Time-conditional Model

Like score-based models, diffusion models need to be conditioned on the noise level. They do not propose the simple “divide by noise” conditioning, though. The paper proposes to condition on the time step t, although conditioning on the noise level would also be okay.

To be precise, the paper uses a positional encoding of t, like a transformer. This replaces t by (sin(f*t), cos(f*t)) for different frequencies f. An example is shown in the starter notebook. The resulting vectors can be broadcast over width/height and be concatenated to the input and/or hidden feature maps of the model.

Finally, as in score-based models, avoid batch normalization in your architecture!

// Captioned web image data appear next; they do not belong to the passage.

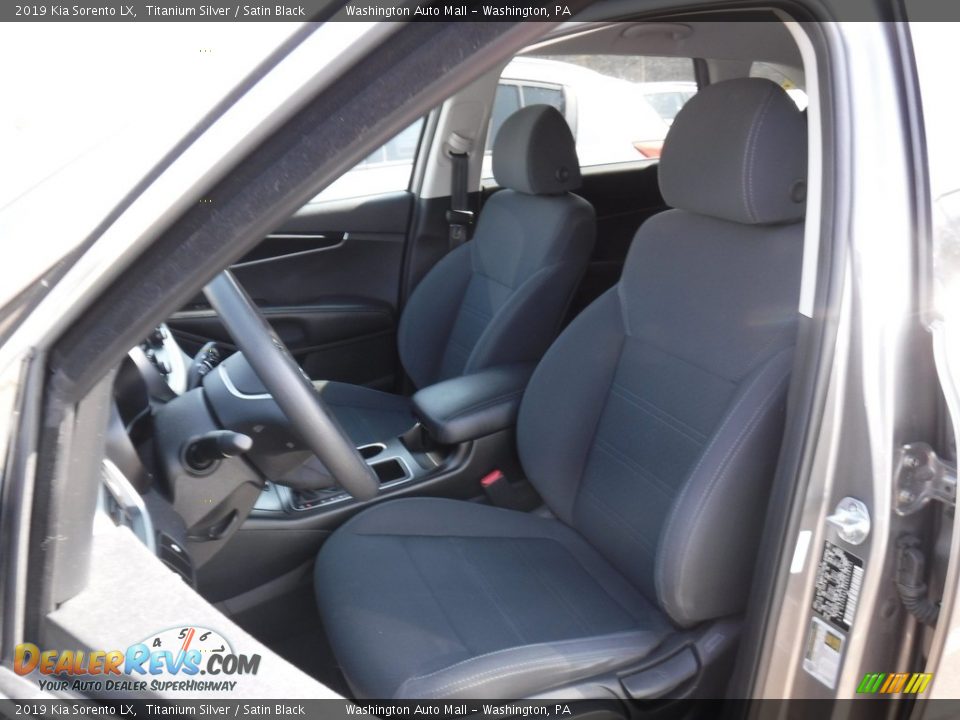 2019 Kia Sorento LX Titanium Silver / Satin Black Photo #17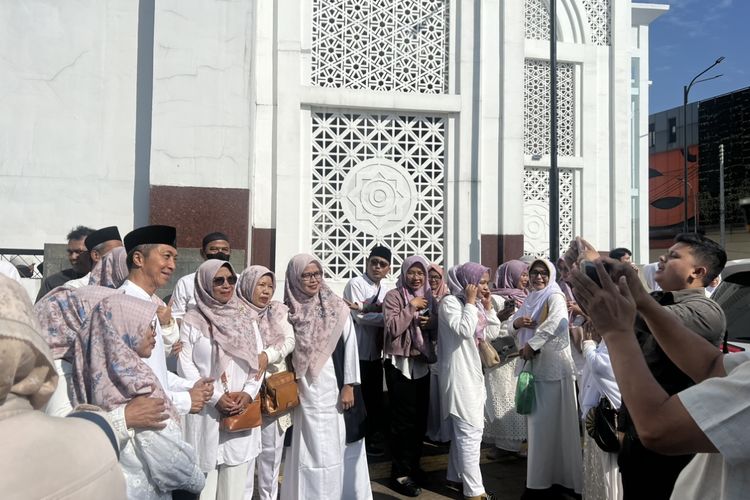 Wakil Wali Kota Bogor Dedie Rachim jadi bintang saat peresmian Masjid Agung Bogor karena diminta foto oleh warga, Kamis (28/7/2024).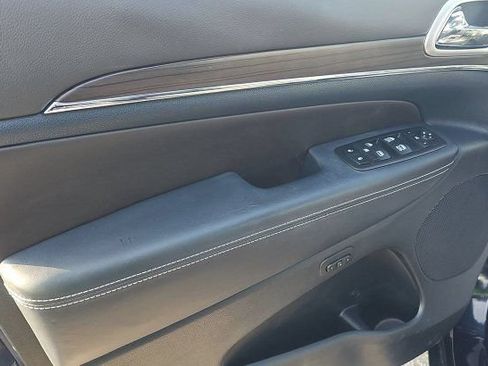 Used 2014 Jeep Grand Cherokee Overland w/ Advanced Technology Group AWD/4WD image 9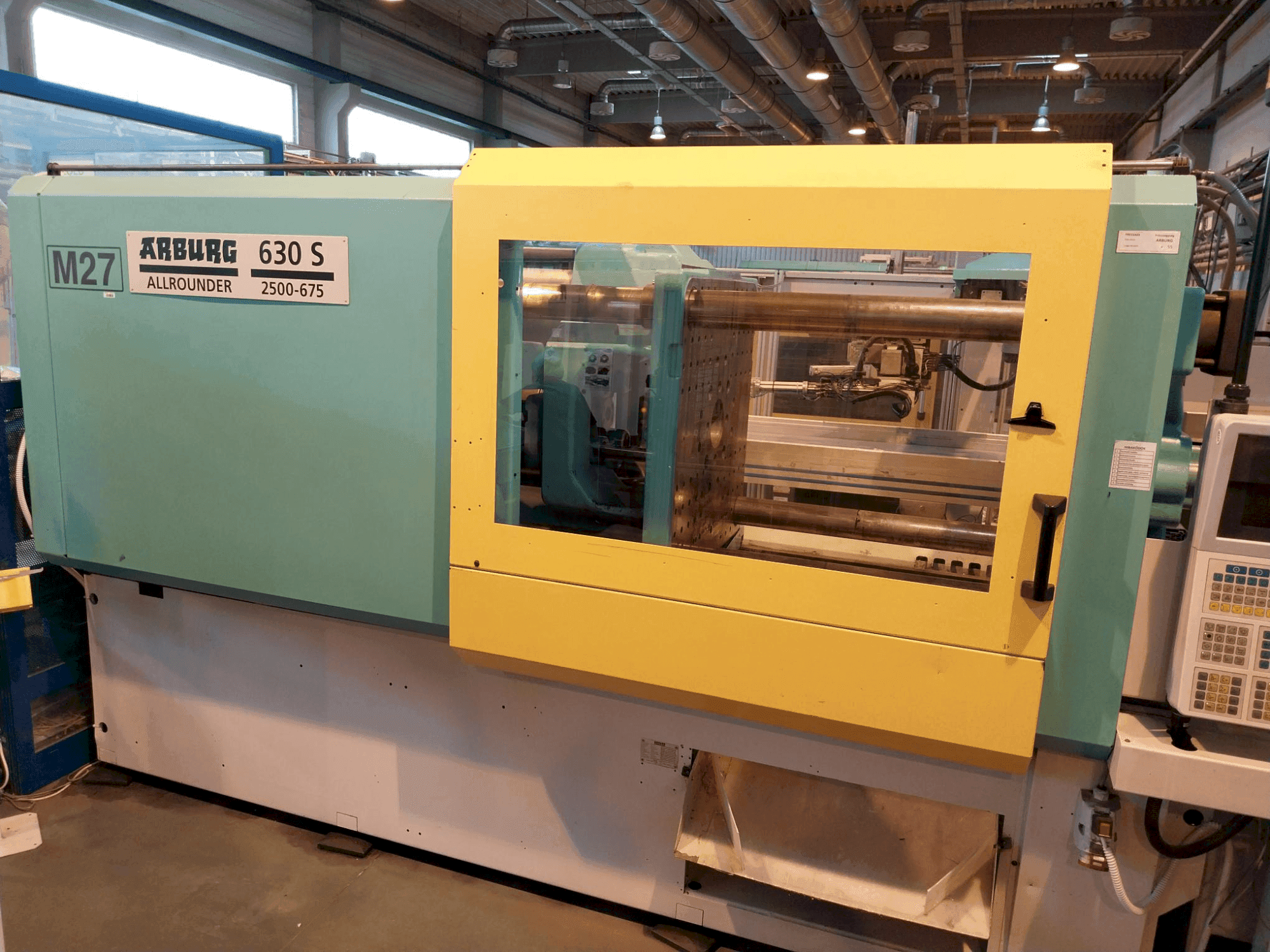 Vooraanzicht van Arburg Allrounder 630S 2500-675 machine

Group Normalization is fine and should help with gradient flow.

Loss function

The loss function can be found in equation 14 of the paper, or algorithm 1. It involves acquiring a noisy data sample using alpha_bar, applying the model, and computing the squared difference between the result and the “target noise”. Like in score-based models, you can/should sample a time step t for this. Once again, you have a choice between sampling a single t for the whole batch, or one t per batch element. Unlike for score-based models, the latter version actually works this time, but the first one is still fine.

Sampling

Check algorithm 2 of the paper. Sampling looks a lot like Langevin dynamics in score-based models, but you do not have to look for a suitable epsilon, and we only do one step per noise level. Be careful when implementing the algorithm:

Check where you need alpha, where alpha_bar, where you need to take the root, etc.
The algorithm uses a term sigma which is only explained elsewhere in the paper. The short version is – use sqrt(beta_t) for sigma_t.

Aside From That…

… there is not much difference to score-based models. Diffusion models tend to be a bit easier to train and perform better. You can do all the modified generation types (inpainting, interpolation, variations…) proposed in the previous assignments as well.